As a summary, our simulations showed that long-term learning strategy adoption rules promote cooperation, while innovative elements make the appearance of cooperation less dependent from the actual network topology in two different games using a large number of network topologies in model networks. We must emphasize that the term ‘learning’ is used in our paper in the sense of the collection and use of information enriching and diversifying game strategy and behavior, and not in the restricted sense of imitation, or directed information-flow from a dominant source (the teacher) pauperizing the diversity of game strategies. The help of learning in promoting cooperation is already implicitly involved in the folk theorem, which opens the theoretical possibility for the emergence of cooperation at infinitely repeated games , . Learning, communication, negotiation, reputation-building mechanisms have all been shown to promote cooperation in various simulations as well as in games with groups of a variety of living organisms, including animals and humans (ESM1 Table S1.2).

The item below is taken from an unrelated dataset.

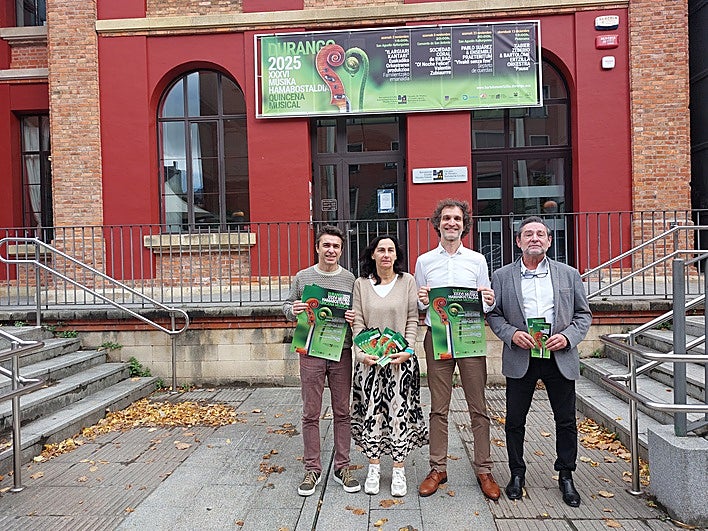 Autoridades municipales y los profesores de música de la escuela de música presentaron la programación.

With the current work we have extended these findings showing that agents can markedly improve their cooperation, when they are allowed to consider long-term experiences either of their own (Q-learning) or their neighbors (other long-term strategies used), and this ‘shadow of the past’  acts similarly at a great variety of network topologies.
We use the term ‘innovation’ in the sense of irregularities in the selection of adoption rules of game strategy. Therefore, ‘innovation’ may be caused by errors, mutations, mistakes, noise, randomness and temperature besides the bona fide innovation of conscious, intelligent agents. Our term, ‘innovation’ allows the change of the strategy adoption rules, therefore allows (increases) the evolvability  of our model system. Innovative strategies help to avoid ‘herding’, when agents start to use a uniform strategy and behavior forming synchronous clusters (ESM1 Figures S1.11, S1.12 and data not shown). Innovation increases game diversity and complexity, which, similarly to the stabilizing effect of weak links in a large variety of static networks, may significantly stabilize network dynamics (probably by helping the convergence of possible outcomes; ). Irregularities in network topology, noise, stochastic resonance, stochastic focusing and innovative strategies were shown to promote cooperation in various simulations as well as in games of primates and humans (ESM1 Table S1.3). However, the innovation-driven relative stabilization of cooperation in various network topologies is a novel finding reported here.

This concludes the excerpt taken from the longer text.